***** Available data
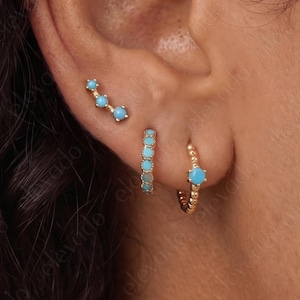 May include: A gold ear climber earring featuring three small round turquoise stones, a gold hoop earring with a row of turquoise stones, and a gold hoop earring with a single turquoise stone, all worn in the earlobe and cartilage piercings.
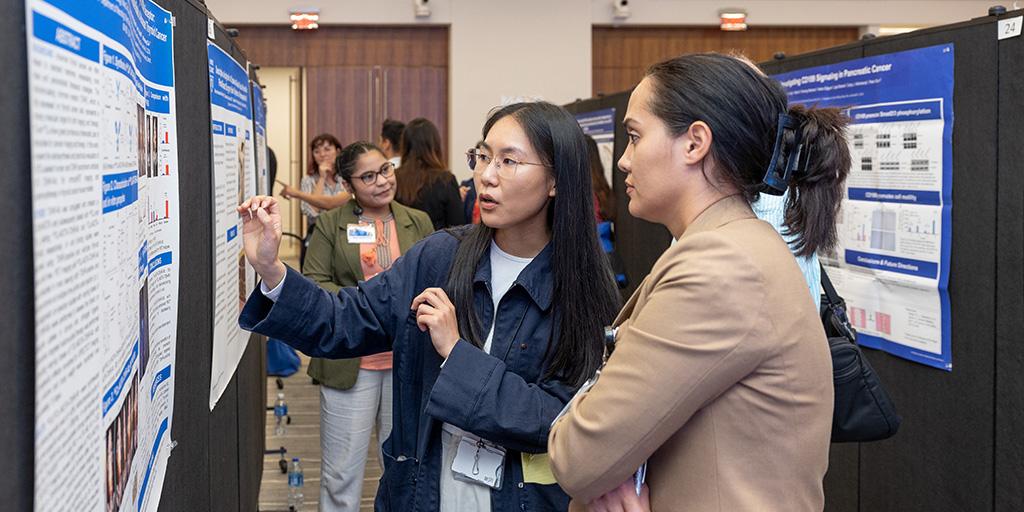 A researcher presents their poster to an attendee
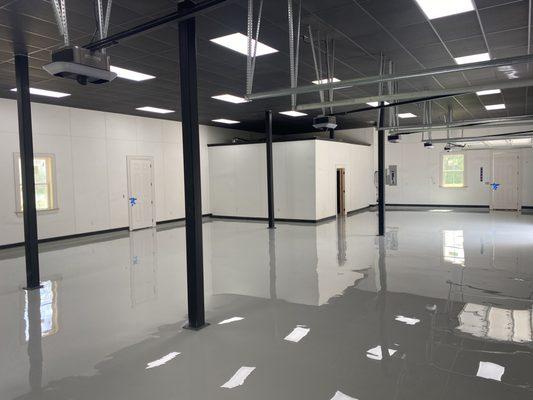 Sliver Epoxy Floors by 33 DreamCrete. This application is for a five garage for classic cars.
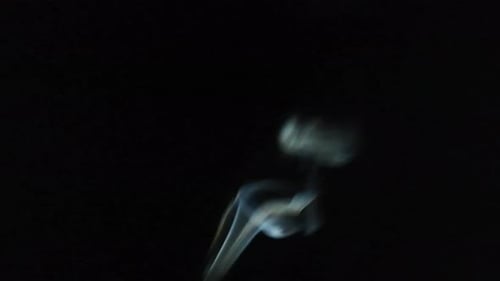 Abstract White Smoke Against a Black Background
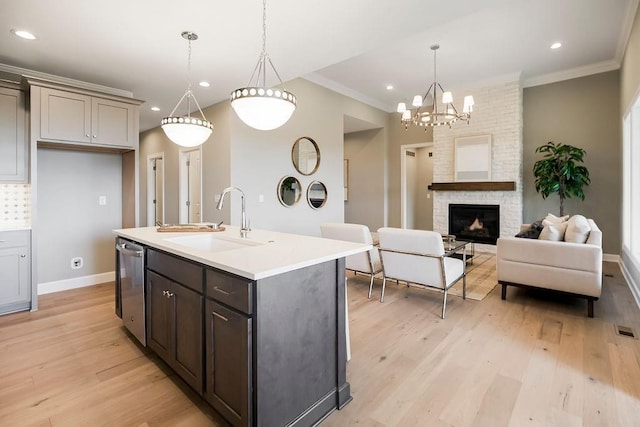 kitchen with a sink, light countertops, light wood-style flooring, stainless steel dishwasher, and ornamental molding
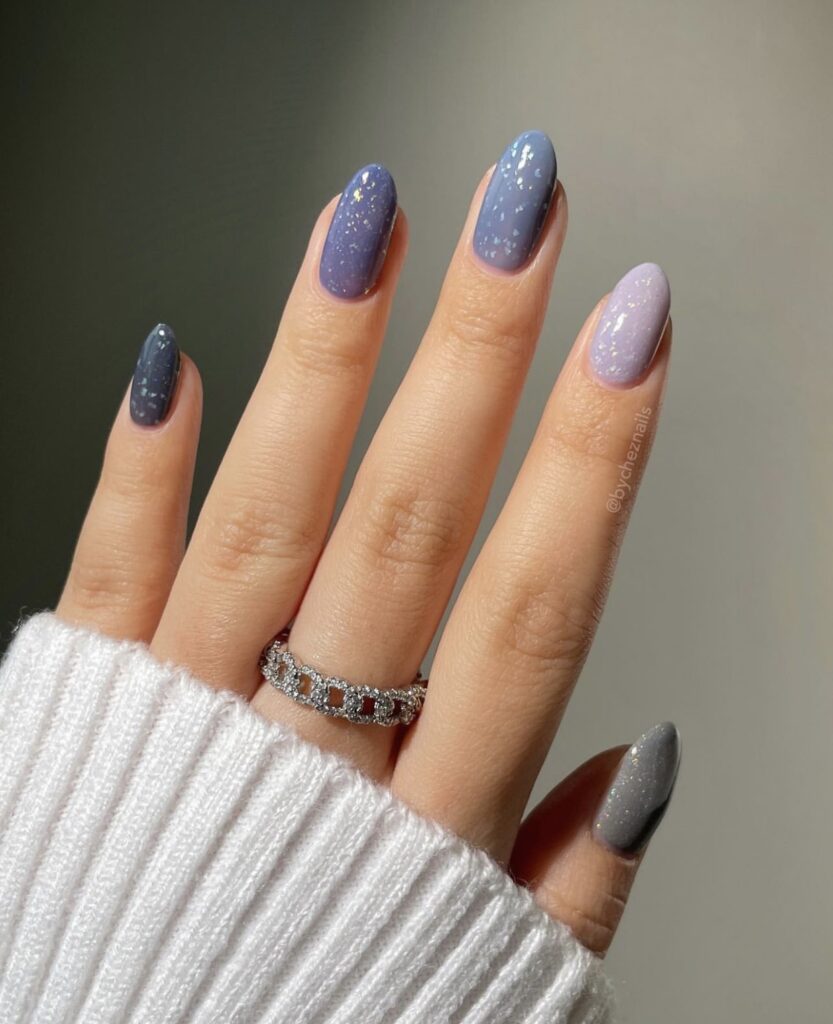 Short winter nails with a grey and purple gradient finish.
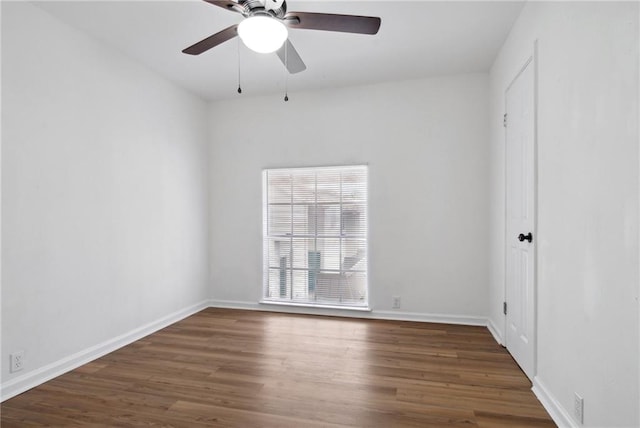 empty room featuring hardwood / wood-style flooring and ceiling fan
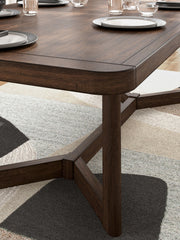 Rectangular dark brown dining room extension table by Signature Design Ashley, showcasing smooth surface and sturdy legs.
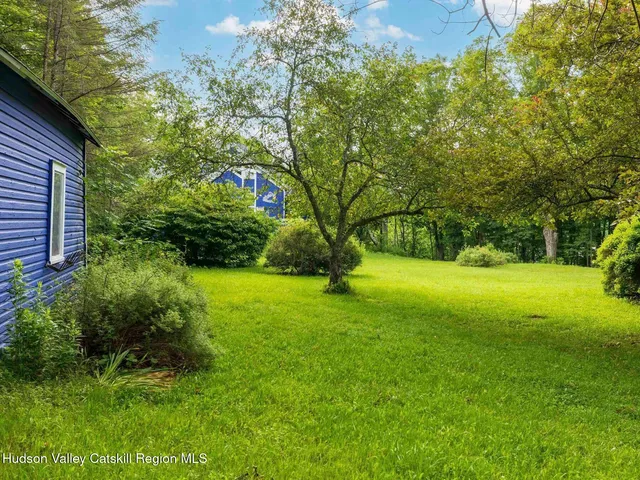 a backyard of a house with seating space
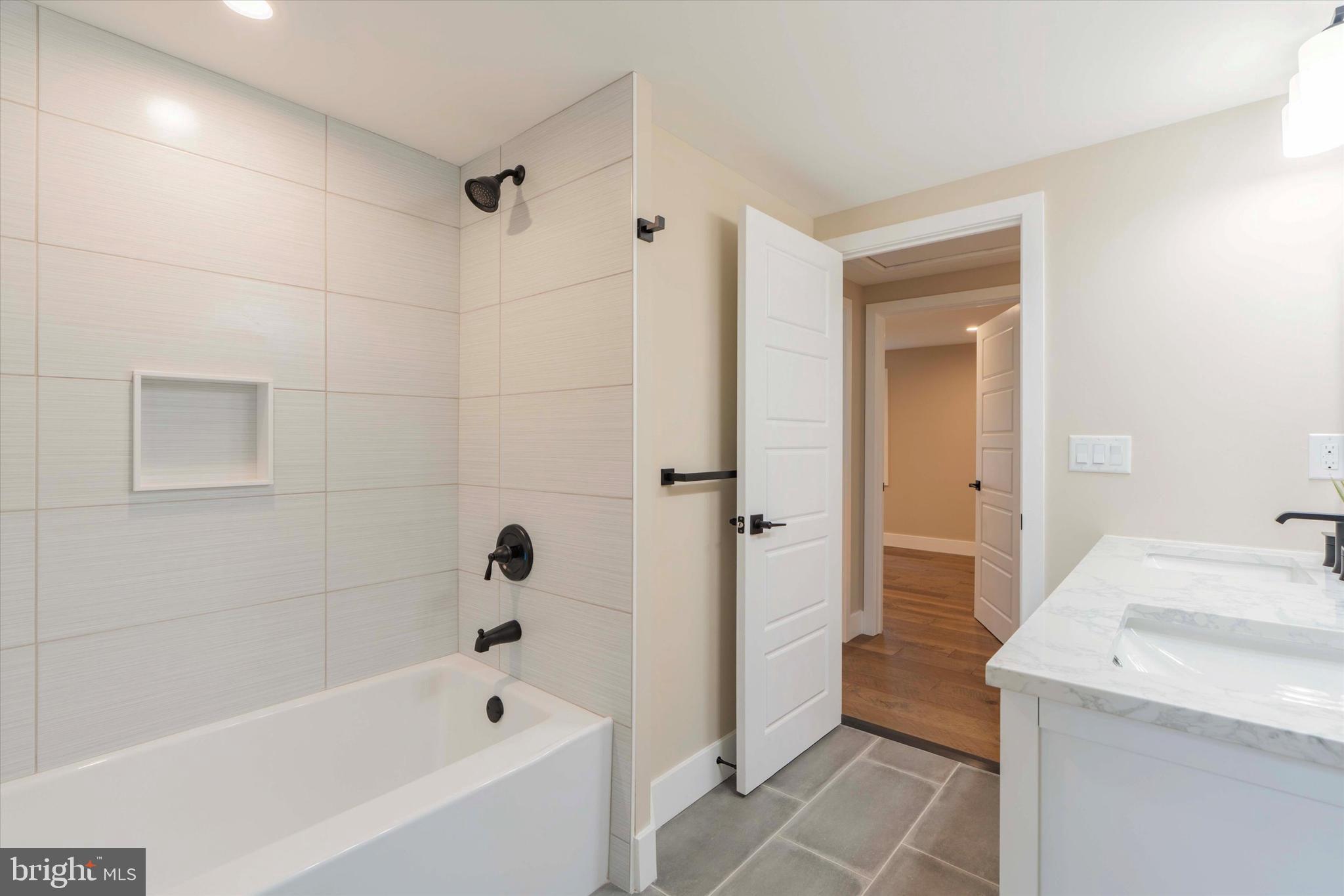 306 Greenhill Road West Chester, PA 19380 - Photo 25 of 42 a bathroom with a bathtub a toilet and a shower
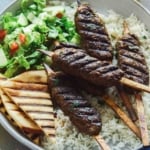 Lamb kofta skewers on a platter with pita and rice.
**********
Every record above must be copied exactly; none of the pictures belong in the copy.

 May include: A gold ear climber earring featuring three small round turquoise stones, a gold hoop earring with a row of turquoise stones, and a gold hoop earring with a single turquoise stone, all worn in the earlobe and cartilage piercings.
 A researcher presents their poster to an attendee
 Sliver Epoxy Floors by 33 DreamCrete. This application is for a five garage for classic cars.
 Abstract White Smoke Against a Black Background
 kitchen with a sink, light countertops, light wood-style flooring, stainless steel dishwasher, and ornamental molding
 Short winter nails with a grey and purple gradient finish.
 empty room featuring hardwood / wood-style flooring and ceiling fan
 Rectangular dark brown dining room extension table by Signature Design Ashley, showcasing smooth surface and sturdy legs.
 a backyard of a house with seating space
 306 Greenhill Road West Chester, PA 19380 - Photo 25 of 42 a bathroom with a bathtub a toilet and a shower
 Lamb kofta skewers on a platter with pita and rice.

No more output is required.